> [Task brief] Should the entries contain pictures, leave them out and return exactly the lines from the first through the line holding "(C52) [Geiwamiwosukuu!! (Karura".

[Source data]
---*---

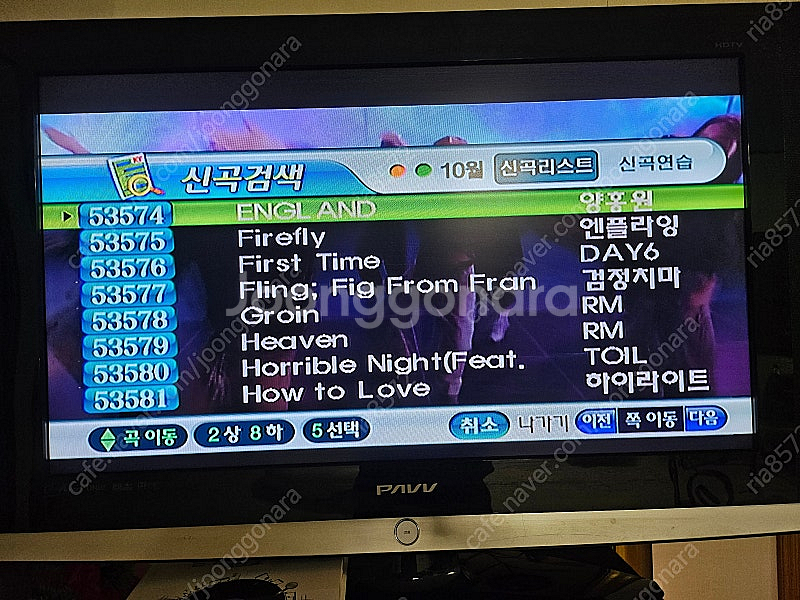 금영노래방기기 셋트--4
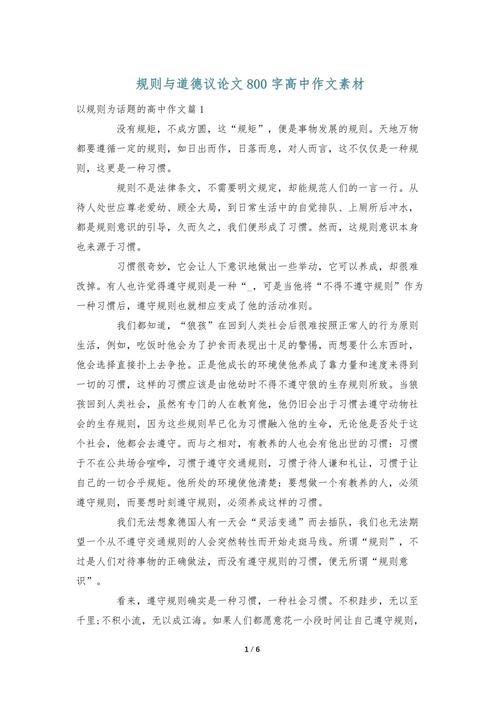 规则束缚还是自由保障?-图1 规则束缚还是自由保障?-图1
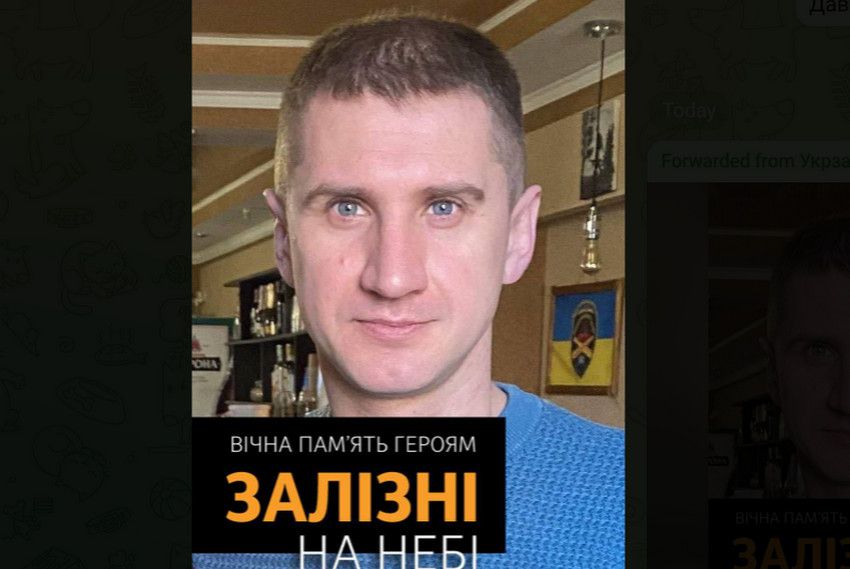 Новини Козятина - фото з Пам'ятаємо: минає рік, як ворожа ракета вбила козятинського залізничника В'ячеслава Франчука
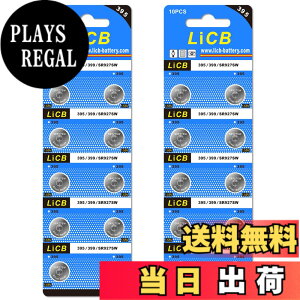 �y���������zLiCB 20�� SR927SW �{�^���d�r ���v�p�ySR927sw�A395�ALR927�AAG7�A399�ALR57�ASR927�����i�z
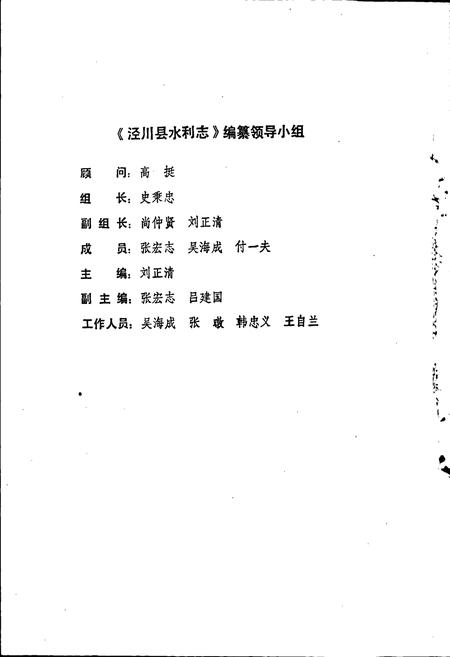 《泾川县水利志》.pdf电子版_甘肃省志插图2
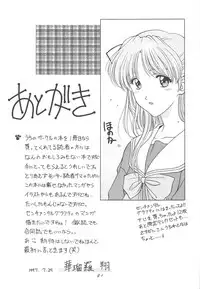 (C52) [Geiwamiwosukuu!! (Karura Syou)] INDIVIDUAL 3 - 19930816 → (Various)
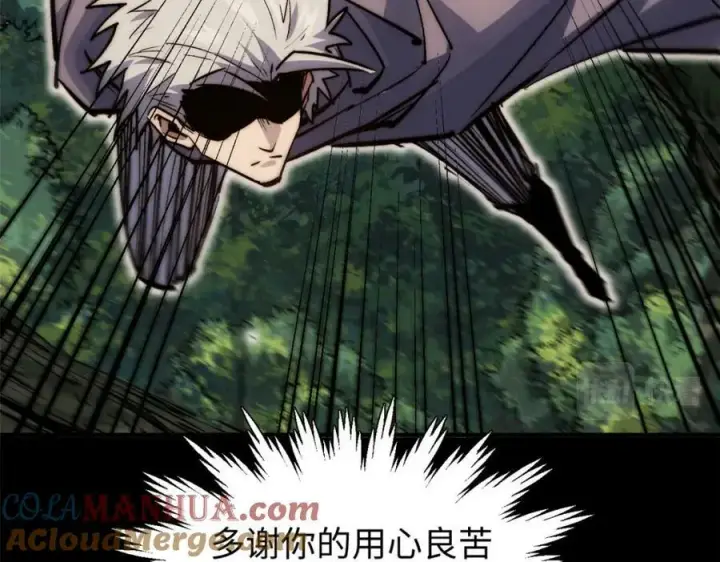 漫画《顶级气运，悄悄修炼千年》100 他的过去第233张图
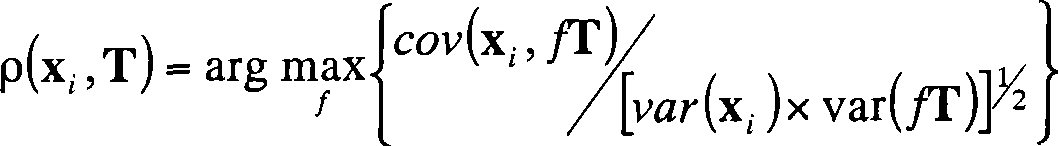 Mixed fault information extraction and matching technique for chemical production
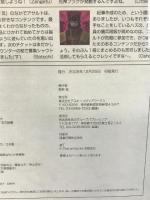 ファイナルファンタジーXI 電撃の旅団 編 映像攻略シリーズ2 アサルト アスキー・メディアワークス 電撃プレイステーション編集部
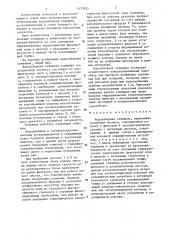 Водозаборная скважина (патент 1477855)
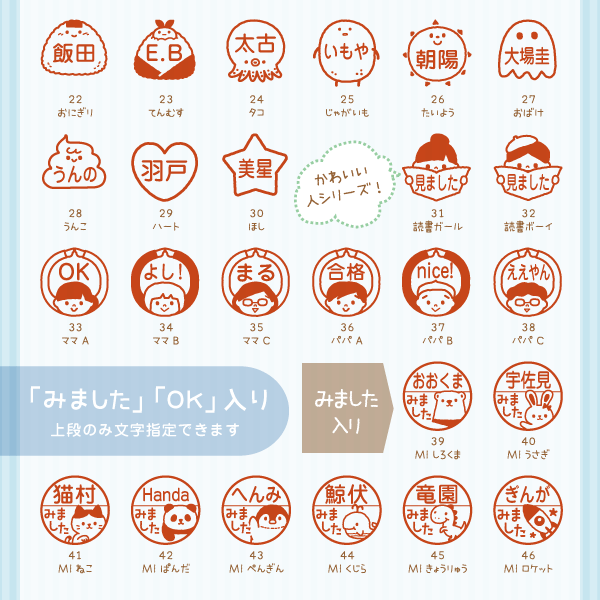 「みました」入り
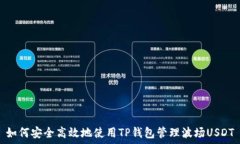   如何安全高效地使用TP钱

---*---

> [Solution]
 금영노래방기기 셋트--4
 规则束缚还是自由保障?-图1 规则束缚还是自由保障?-图1
 Новини Козятина - фото з Пам'ятаємо: минає рік, як ворожа ракета вбила козятинського залізничника В'ячеслава Франчука
 �y���������zLiCB 20�� SR927SW �{�^���d�r ���v�p�ySR927sw�A395�ALR927�AAG7�A399�ALR57�ASR927�����i�z
 《泾川县水利志》.pdf电子版_甘肃省志插图2
 (C52) [Geiwamiwosukuu!! (Karura Syou)] INDIVIDUAL 3 - 19930816 → (Various)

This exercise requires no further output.